Justice Souter To Retire In June, Let The Fireworks Begin
Two weeks ago, we started hearing rumors that Supreme Court Justice David Souter would be retiring at the end of the current term.
Last night, those rumors were confirmed:
WASHINGTON — Justice David H. Souter plans to retire at the end of the term in June, giving President Obama his first appointment to the Supreme Court, four people informed about the decision said Thursday night.
Justice Souter, who was appointed in 1990 by a Republican president, the first George Bush, but became one of the most reliable members of the court’s liberal wing, has grown increasingly sour on Washington and intends to return to his home state, New Hampshire, according to the people briefed on his plans. One official said the decision might be announced as early as Friday.
The departure will open the first seat for a Democratic president to fill in 15 years and could prove a test of Mr. Obama’s plans for reshaping the nation’s judiciary. Confirmation battles for the Supreme Court in recent years have proved to be intensely partisan and divisive moments in Washington, but Mr. Obama has more leeway than his predecessors because his party holds such a strong majority in the Senate.

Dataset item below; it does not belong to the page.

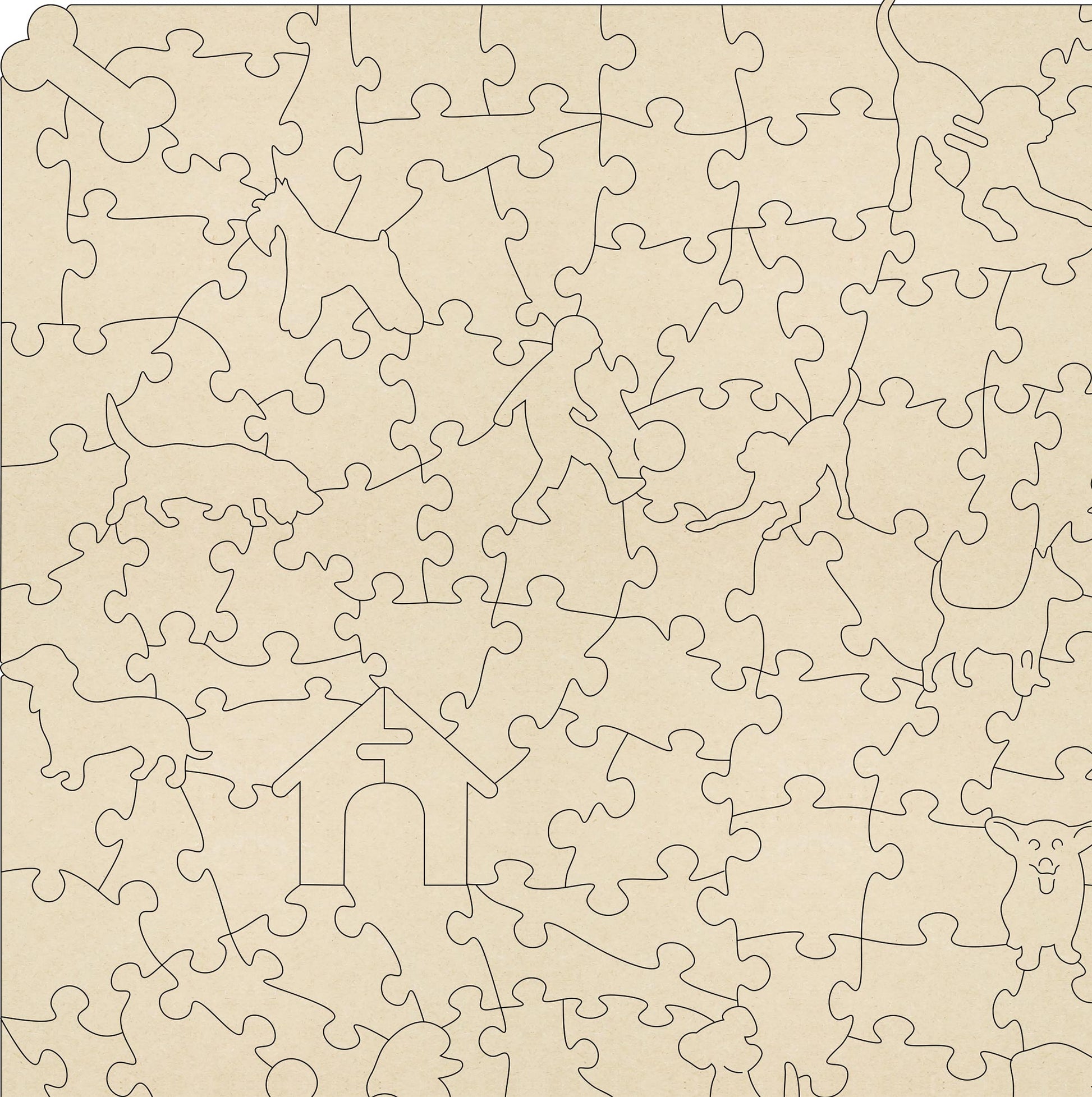 Sandy Paws Wooden Jigsaw Puzzle.  Original artwork by Lisa Davies.  210 dog themed and irregular jigsaw pieces.  Made in Britain by The Puzzly Company.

During the presidential campaign in 2007, Obama made that point when he said, “Sometimes we’re only looking at academics or people who’ve been in the [lower courts]. If we can find people who have life experience and they understand what it means to be on the outside, what it means to have the system not work for them, that’s the kind of person I want on the Supreme Court.”
That said, most of the names that have been mentioned as possible Obama nominees do have judicial or academic experience. Some of those names:
— Sonia Sotomayor, a Hispanic female who sits on the U.S. Court of Appeals for the 2nd Circuit.

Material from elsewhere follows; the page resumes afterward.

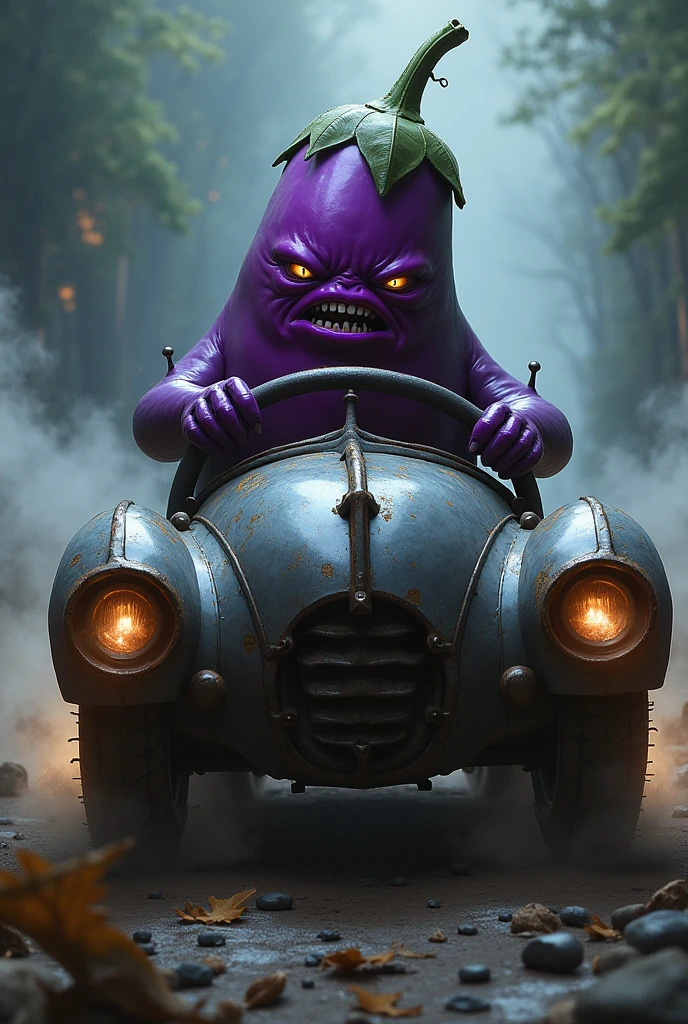 eggplant driving a scary car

— Elena Kagan, the former dean of Harvard Law School who is less than two months into her tenure as the first female U.S. solicitor general.
— Harold Koh, the former Yale Law School dean and an Asian-American, whose nomination as State Department legal adviser is pending.

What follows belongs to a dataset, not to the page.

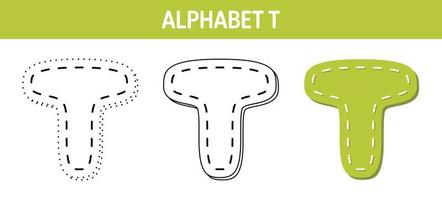 Alphabet T tracing and coloring worksheet for kids vector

— Kathleen Sullivan, the former Stanford Law School dean and a partner in the New York office of Quinn Emanuel Urquhart Oliver & Hedges.
— Diane Wood, a judge on the U.S. Court of Appeals for the 7th Circuit.
— Kim Wardlaw, a judge on the U.S. Court of Appeals for the 9th Circuit who is Hispanic.
— Massachusetts Governor Deval Patrick, a former assistant U.S. attorney general for civil rights who is African-American.
The conventional wisdom is that Souter’s retirement isn’t that big a deal because his replacement is unlikely to change the ideological balance of the Court, but Ilya Somin points out that this isn’t necessarily the case:
It ignores the fact that the newly appointed justice will likely serve for many years to come, during which time the composition of the rest of the Court will change. Today, the average Supreme Court justice serves for over 26 years. Over such a lengthy tenure, there is likely to be turnover among the other justices, and the current appointee’s ideology may have a major impact on the balance of power over the long run even if its immediate effect is insignificant.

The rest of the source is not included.